3. Normal Equations vs QR: Condition Number Squaring

Demonstrate that $\kappa(A^\top A) = \kappa(A)^2$ and its effect on accuracy.

Code cell 10

# === 3.1 Condition Number Squaring ===

def build_matrix_with_kappa(kappa, m=50, n=10):
    """Build m x n matrix with given condition number."""
    # Generate orthogonal matrices
    U, _ = nla.qr(np.random.randn(m, n))
    Vt, _ = nla.qr(np.random.randn(n, n))
    # Singular values from 1 to kappa
    sigma = np.logspace(0, np.log10(kappa), n)
    return U @ np.diag(sigma) @ Vt, sigma

np.random.seed(42)
kappas = [10, 100, 1e4, 1e6, 1e8]

print(f'{"kappa(A)":>12}  {"kappa(AtA)":>14}  {"ratio":>10}')
for kappa in kappas:
    A, _ = build_matrix_with_kappa(kappa)
    k_A = nla.cond(A)
    k_AtA = nla.cond(A.T @ A)
    print(f'{k_A:12.3e}  {k_AtA:14.3e}  {k_AtA/k_A**2:10.3f}')

print()
print('kappa(A^T A) ≈ kappa(A)^2 — confirmed')

Code cell 11

# === 3.2 Accuracy Comparison ===

np.random.seed(42)
kappas_test = np.logspace(1, 12, 20)
err_normal = []
err_qr = []

for kappa in kappas_test:
    A, sigma = build_matrix_with_kappa(kappa, m=50, n=10)
    x_true = np.random.randn(10)
    b = A @ x_true

    # Normal equations
    try:
        x_n = nla.solve(A.T @ A, A.T @ b)
        err_n = nla.norm(x_n - x_true) / nla.norm(x_true)
    except:
        err_n = 1.0

    # QR (lstsq)
    x_q, _, _, _ = nla.lstsq(A, b, rcond=None)
    err_q = nla.norm(x_q - x_true) / nla.norm(x_true)
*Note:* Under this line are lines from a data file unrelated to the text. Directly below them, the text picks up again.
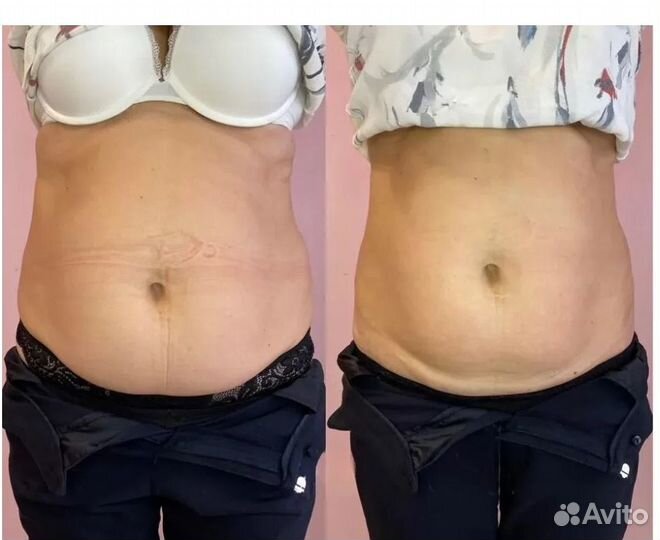 Липосакция без операции в Тольятти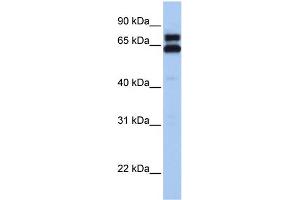 WB Suggested Anti-HSPD1 Antibody Titration:  0. (HSPD1 Antikörper  (C-Term))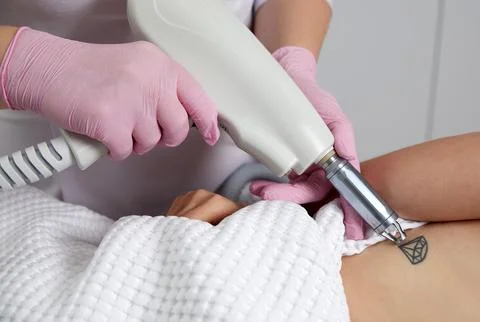 Cosmetologist using laser device to remove an unwanted tattoo from female arm Stock Photos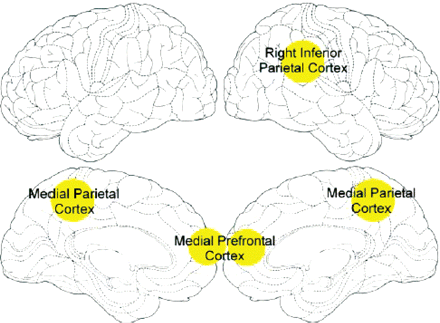 Schematic representation of the main cortical regions activated during first-person perspective tasks [reprinted with permission from Vogeley and Fink (2003)].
    err_normal.append(err_n)
    err_qr.append(err_q)

if HAS_MPL:
    fig, ax = plt.subplots(figsize=(10, 5))
    ax.loglog(kappas_test, err_normal, color=COLORS['error'], label='Normal equations')
    ax.loglog(kappas_test, err_qr,     color=COLORS['primary'], label='Householder QR')
    ax.axhline(np.finfo(np.float64).eps, color=COLORS['neutral'],
               linestyle='--', label='fp64 ε_mach')
    ax.set_xlabel('Condition number κ(A)')
    ax.set_ylabel('Relative error in solution')
    ax.set_title('Normal equations vs QR: accuracy comparison')
    ax.legend()
    plt.tight_layout()
    plt.show()
    print('Plot displayed.')

4. Condition Number and Digit Loss

Verify: if $\kappa(A) = 10^k$ , then $k$ digits are lost in solving $Ax = b$ .

Code cell 13

# === 4.1 Digits Lost as a Function of kappa ===

np.random.seed(0)
n = 10
kappas = [1e1, 1e3, 1e5, 1e7, 1e9, 1e11, 1e13]
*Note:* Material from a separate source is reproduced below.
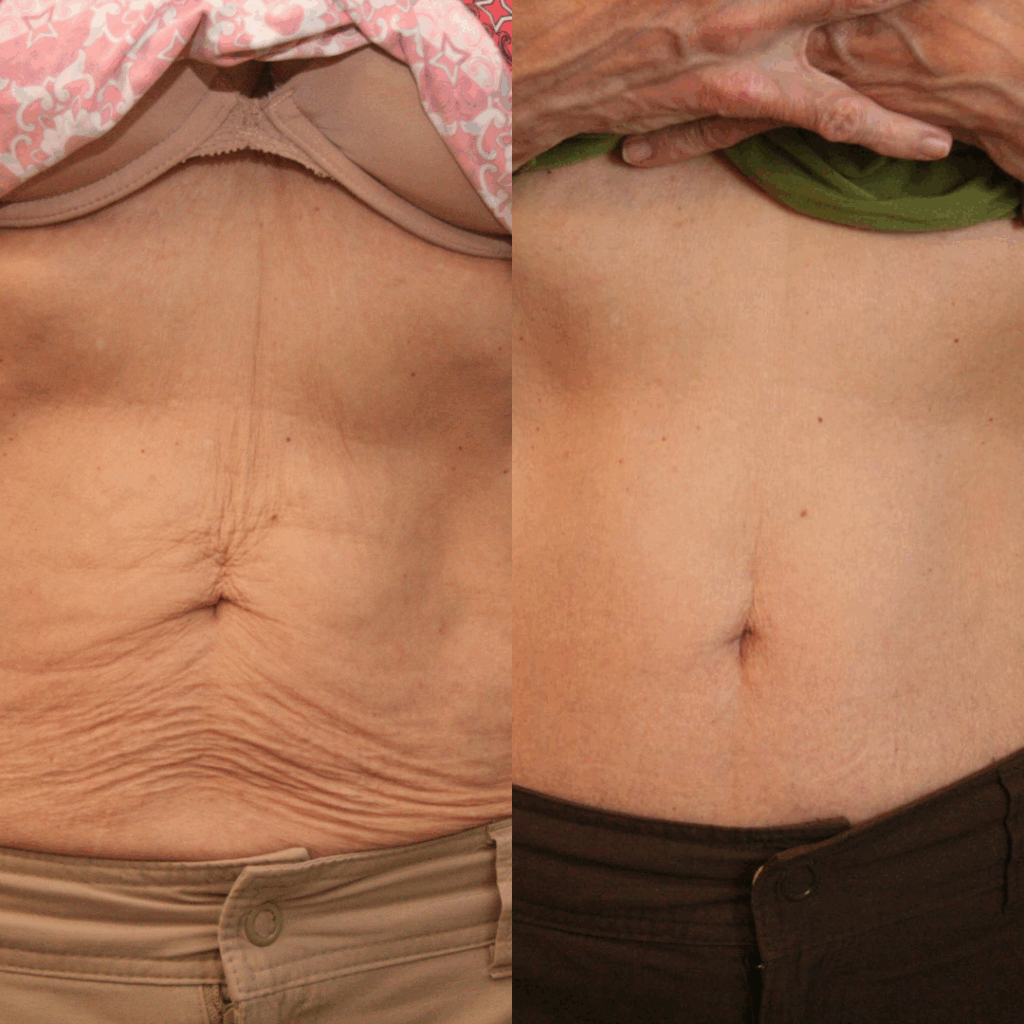 Stomach skin tightening before and after Sydney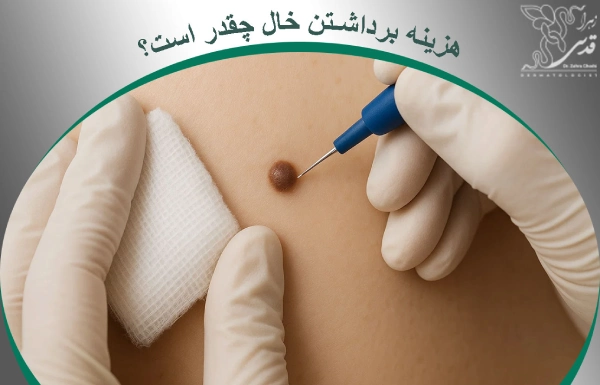 هزینه برداشتن خال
print(f'{"kappa(A)":>12}  {"log10(kappa)":>14}  {"rel error":>12}  {"digits lost":>12}')
eps64 = np.finfo(np.float64).eps

for kappa in kappas:
    A, _ = build_matrix_with_kappa(kappa, m=n, n=n)
    x_true = np.random.randn(n)
    b = A @ x_true
    x_comp = nla.solve(A, b)
    rel_err = nla.norm(x_comp - x_true) / nla.norm(x_true)
    digits_lost = max(0, np.log10(max(rel_err, 1e-16)))
    print(f'{kappa:12.1e}  {np.log10(kappa):14.1f}  {rel_err:12.3e}  {digits_lost:12.1f}')

print()
print(f'fp64 has ~15 significant digits. At kappa=1e15, all accuracy is lost.')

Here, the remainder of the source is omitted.